_TASK OBJECTIVE_
Copy all entries without alteration and skip the pictures they hold.

_RECORDS FOR THIS EXERCISE_

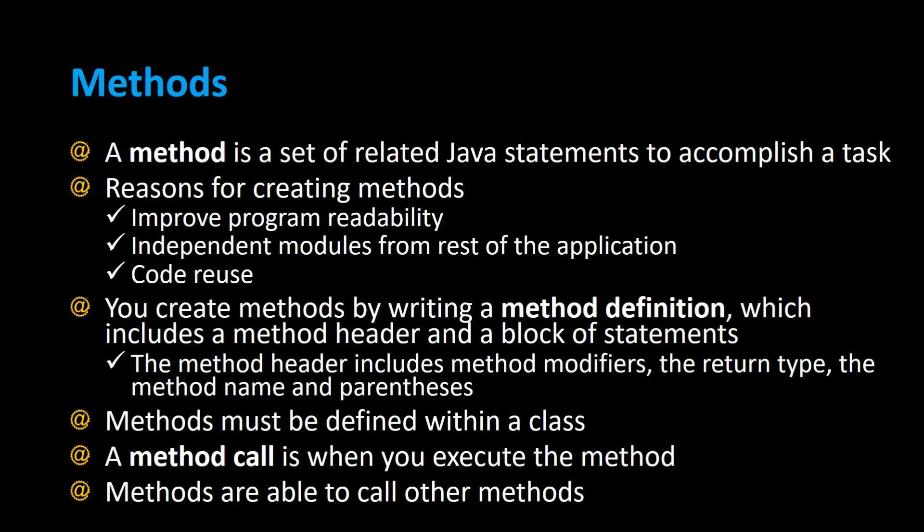A method is a set of related Java statements to accomplish a task. The reasons for creating methods are to improve program readability, independent modules from the rest of the application, and code reuse.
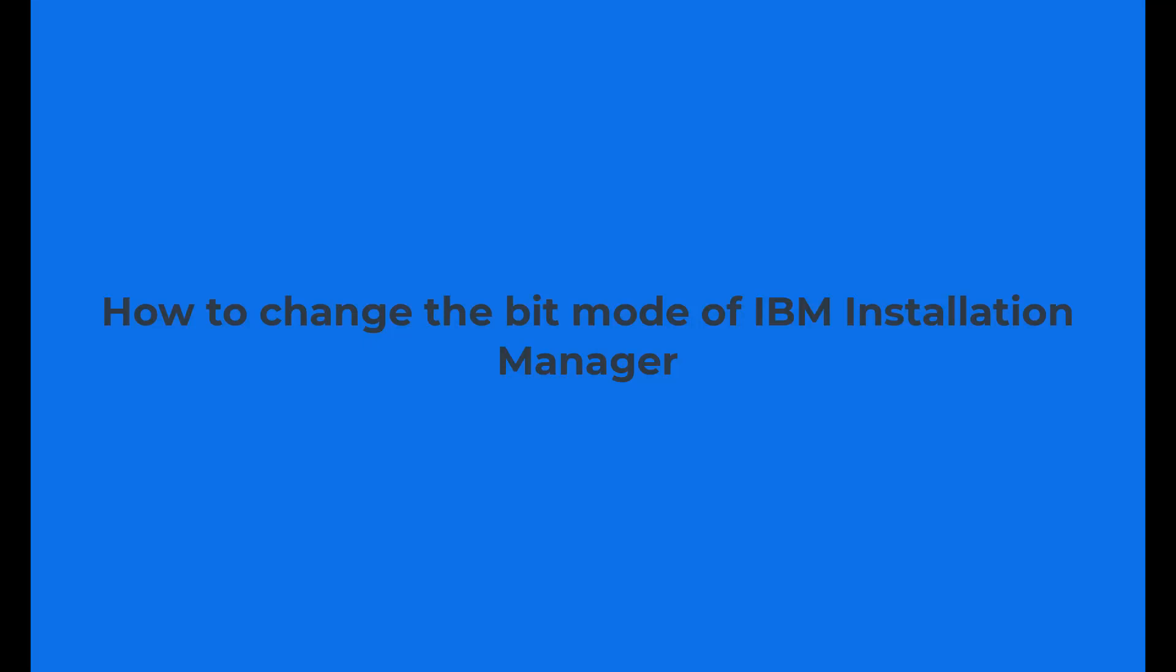How to change the bit mode of IBM Installation Manager. In this video, we will be changing a currently installed 32-bit instance of IM to 64-bit.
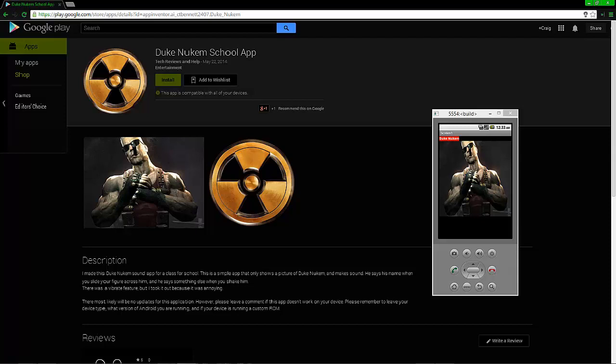Hello everybody, my name is Craig Bennett and I'm the founder and owner of TechFuse. Today I'm showing off my newest application for Android. I made this for the first project in my newest class on making applications. I didn't go above and beyond what they required, so don't expect a lot from this particular application.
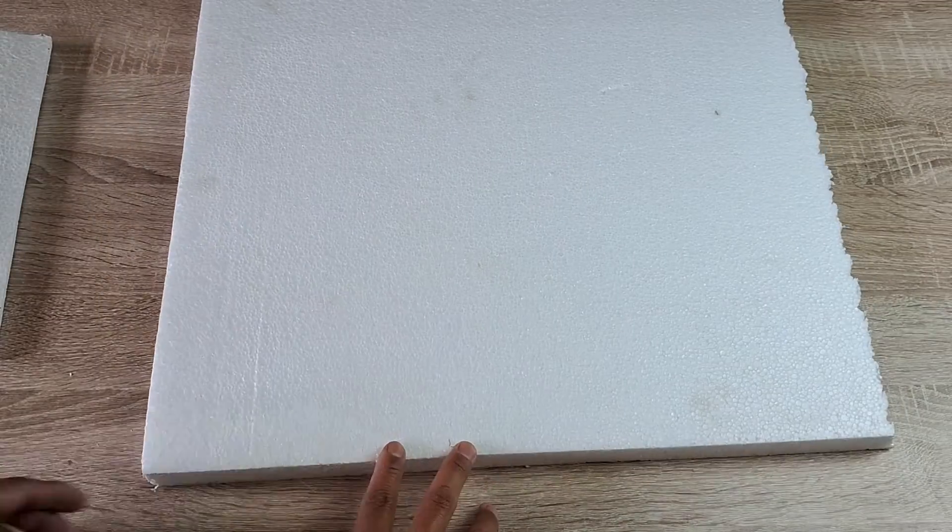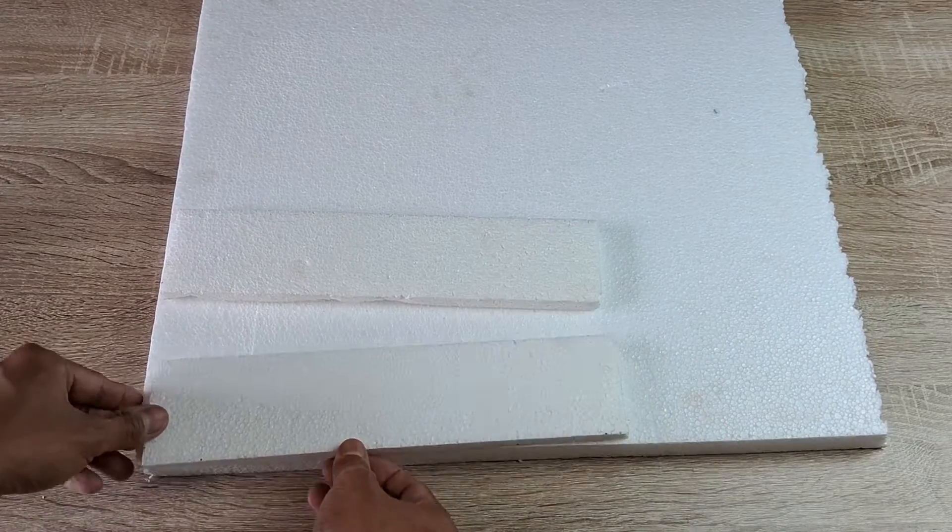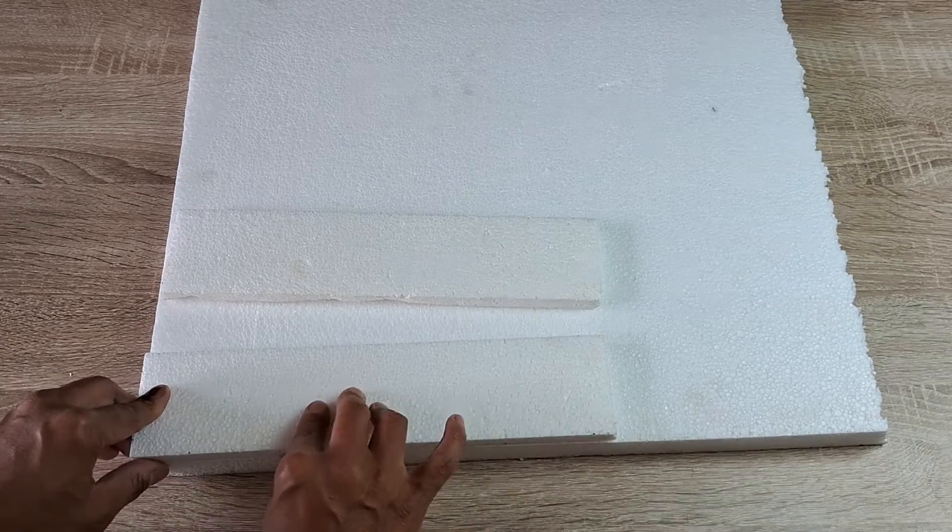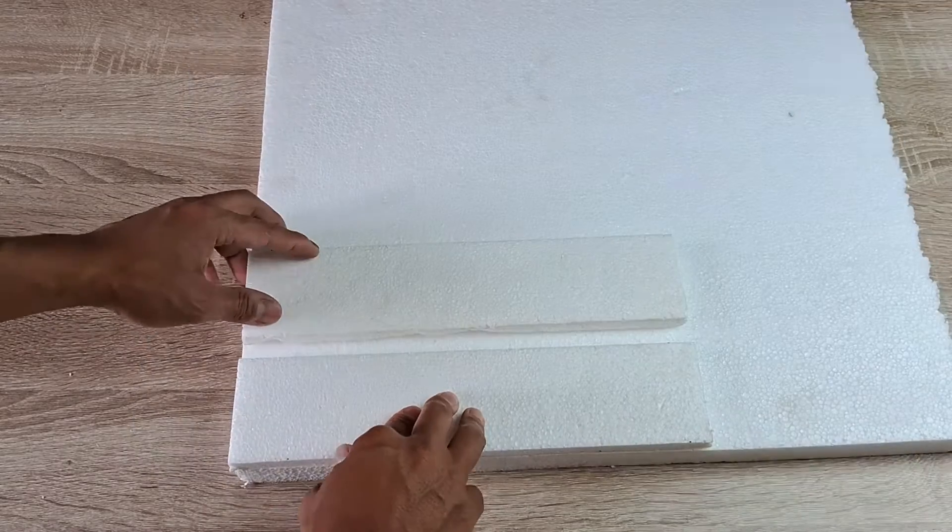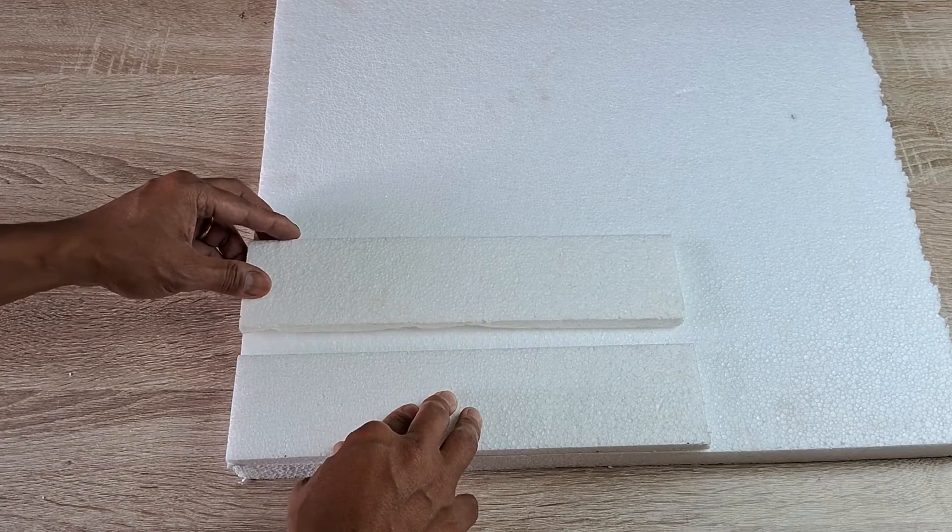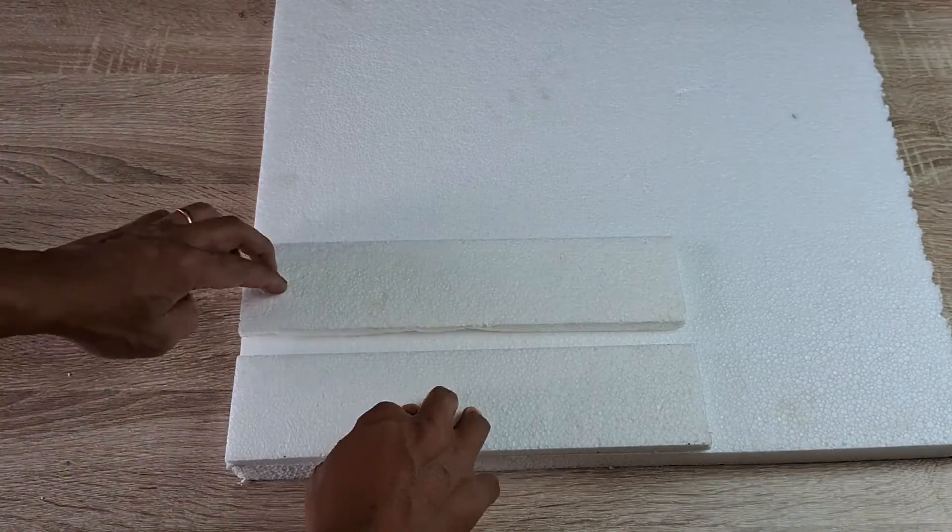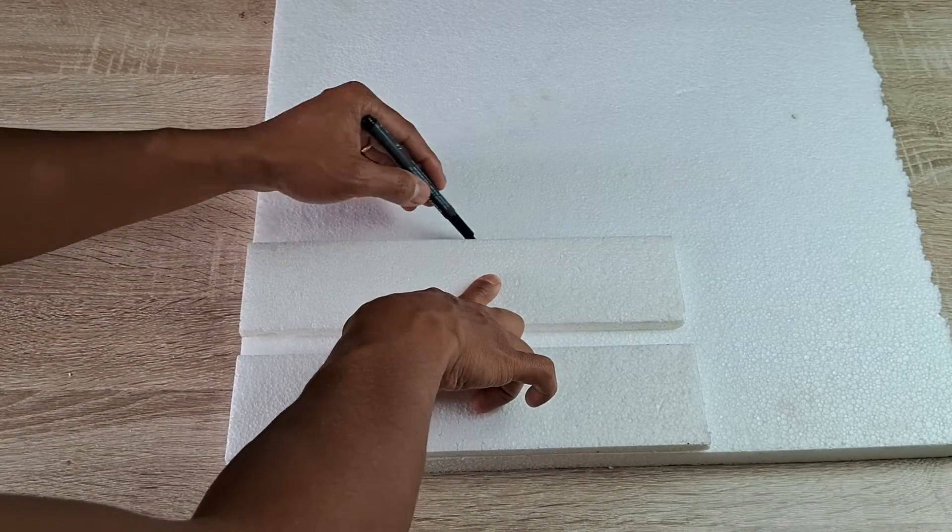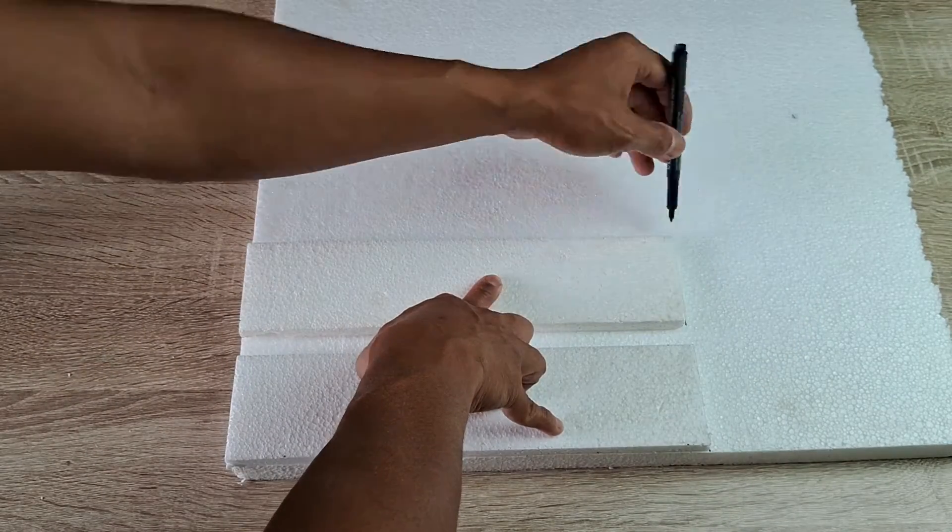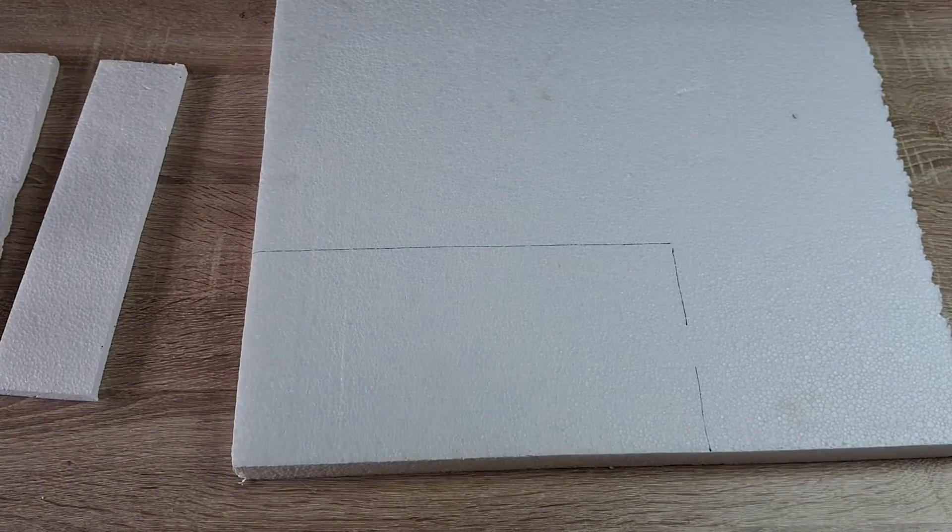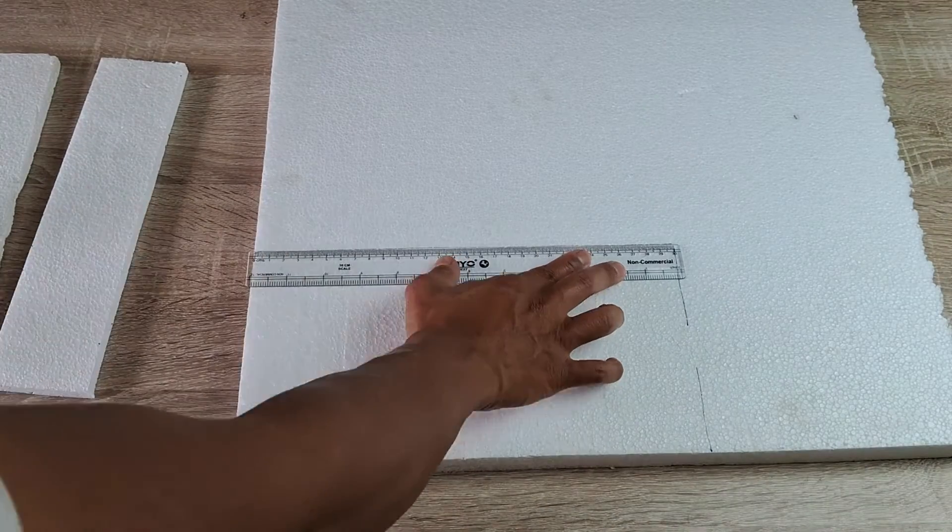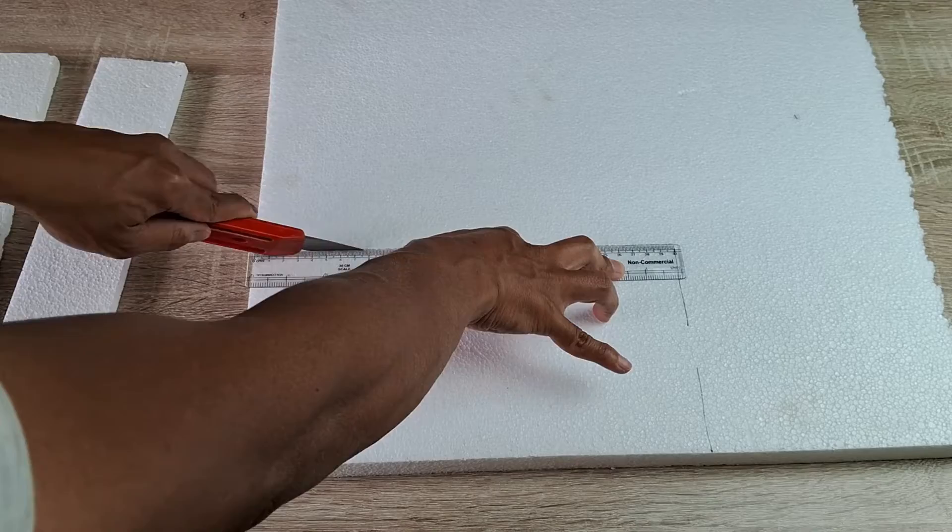Now, take another sheet of thermocol that is about one to two inches thick. Lay the two previously cut sheets side by side on top of this thick sheet like so. Make sure to leave a longitudinal space in between the sheets. Make necessary markings and then cut the thick thermocol sheet to the required size. This cutout sheet will be the base of the spreading board.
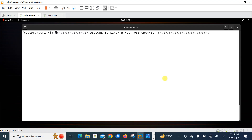Hi guys, welcome to LinuxA YouTube channel. My name is Ramishra and I am your online instructor. In this video I will tell you how to work with the SFTP command in Linux. Let's begin the topic, but before starting the lab session we have to understand a few points — specifically what is the SFTP command and its use cases.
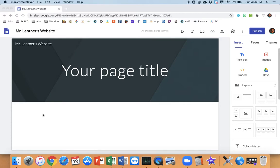Alright, for our next step, we're going to go ahead and publish it. Now, obviously your website is not ready to be seen by others, but they're not going to see it unless you send them the link anyways. So we're okay publishing it now.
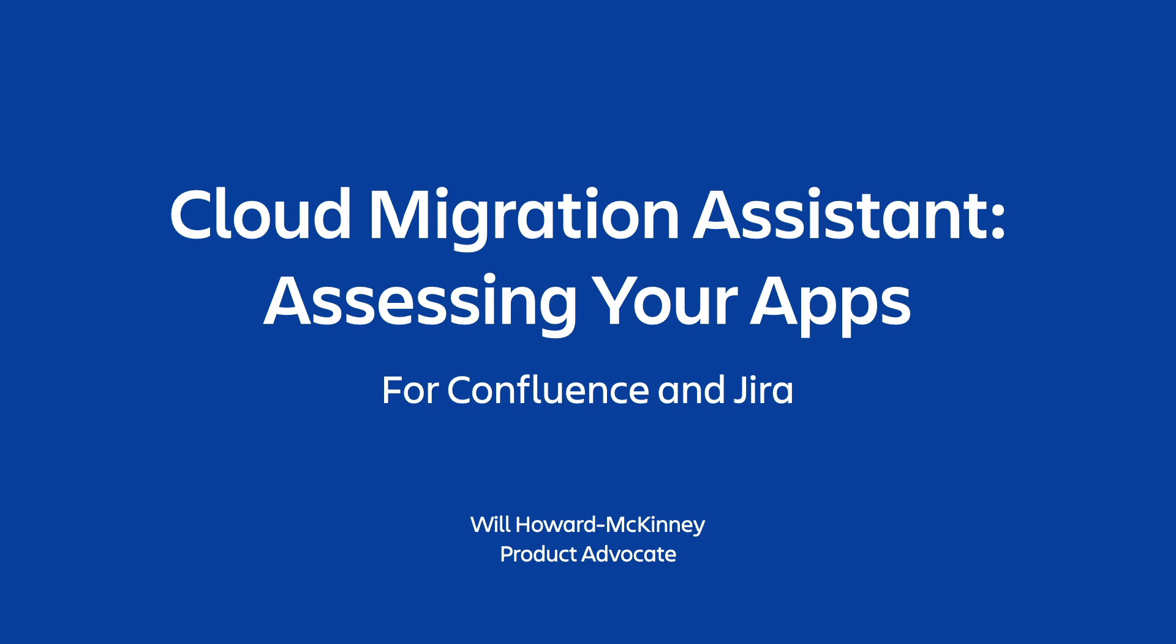Welcome everyone to our 10-minute overview of how to use Atlassian's Cloud Migration Assistant to assess your app usage to make your migration from on-premise to cloud smoother and easier. This tool is just one of many tools and resources we have available for on-premise customers to facilitate a migration to Atlassian Cloud.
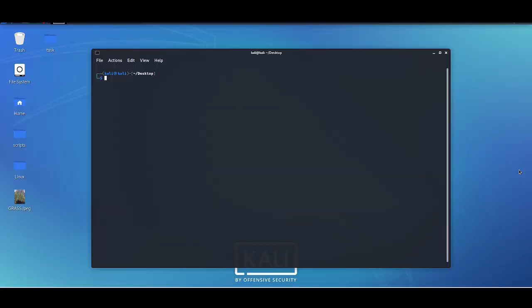Welcome. I want to show you the basic use of ExifTool on Linux. If you don't have ExifTool installed, I will put a link to the installation process in the description.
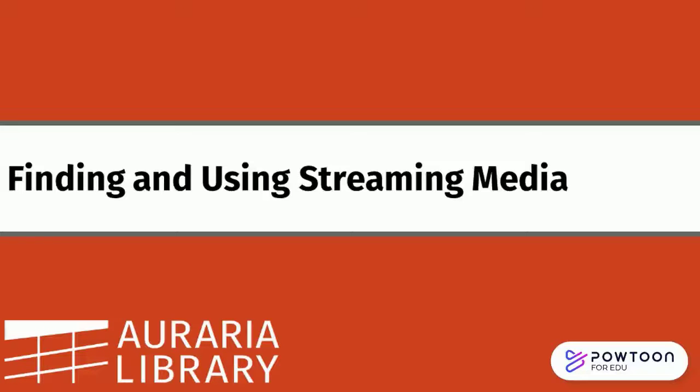This video will show you how to find streaming media in Auraria Library's collections three different ways. Which way you use depends on the video you're looking for and how you'd like to find it.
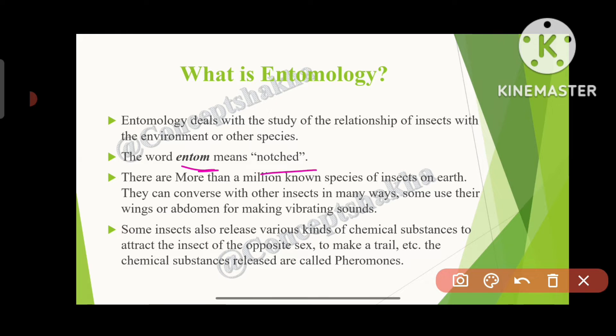There are more than a million known species of insects on earth. They can communicate with other insects in many ways. Some use their wings or abdomen to create vibrating sounds, which they use to attract other species or communicate with members of their own species.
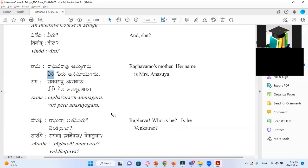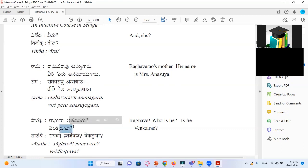Next we have Raghavarau. That means he is calling Raghavarau — he is not telling him, because it has a long vowel sound. Itanavarau — who is he? Itadu plus Evaru or Itanu plus Evaru becomes Itanavaru in the spoken language. Is he Venkatrava? When we ask like a question, Venkatrava becomes Venkatrava with emphasis.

_RESPONSE AREA_
A method is a set of related Java statements to accomplish a task. The reasons for creating methods are to improve program readability, independent modules from the rest of the application, and code reuse.
How to change the bit mode of IBM Installation Manager. In this video, we will be changing a currently installed 32-bit instance of IM to 64-bit.
Hello everybody, my name is Craig Bennett and I'm the founder and owner of TechFuse. Today I'm showing off my newest application for Android. I made this for the first project in my newest class on making applications. I didn't go above and beyond what they required, so don't expect a lot from this particular application.
Now, take another sheet of thermocol that is about one to two inches thick. Lay the two previously cut sheets side by side on top of this thick sheet like so. Make sure to leave a longitudinal space in between the sheets. Make necessary markings and then cut the thick thermocol sheet to the required size. This cutout sheet will be the base of the spreading board.
Hi guys, welcome to LinuxA YouTube channel. My name is Ramishra and I am your online instructor. In this video I will tell you how to work with the SFTP command in Linux. Let's begin the topic, but before starting the lab session we have to understand a few points — specifically what is the SFTP command and its use cases.
Alright, for our next step, we're going to go ahead and publish it. Now, obviously your website is not ready to be seen by others, but they're not going to see it unless you send them the link anyways. So we're okay publishing it now.
Welcome everyone to our 10-minute overview of how to use Atlassian's Cloud Migration Assistant to assess your app usage to make your migration from on-premise to cloud smoother and easier. This tool is just one of many tools and resources we have available for on-premise customers to facilitate a migration to Atlassian Cloud.
Welcome. I want to show you the basic use of ExifTool on Linux. If you don't have ExifTool installed, I will put a link to the installation process in the description.
This video will show you how to find streaming media in Auraria Library's collections three different ways. Which way you use depends on the video you're looking for and how you'd like to find it.
There are more than a million known species of insects on earth. They can communicate with other insects in many ways. Some use their wings or abdomen to create vibrating sounds, which they use to attract other species or communicate with members of their own species.
Next we have Raghavarau. That means he is calling Raghavarau — he is not telling him, because it has a long vowel sound. Itanavarau — who is he? Itadu plus Evaru or Itanu plus Evaru becomes Itanavaru in the spoken language. Is he Venkatrava? When we ask like a question, Venkatrava becomes Venkatrava with emphasis.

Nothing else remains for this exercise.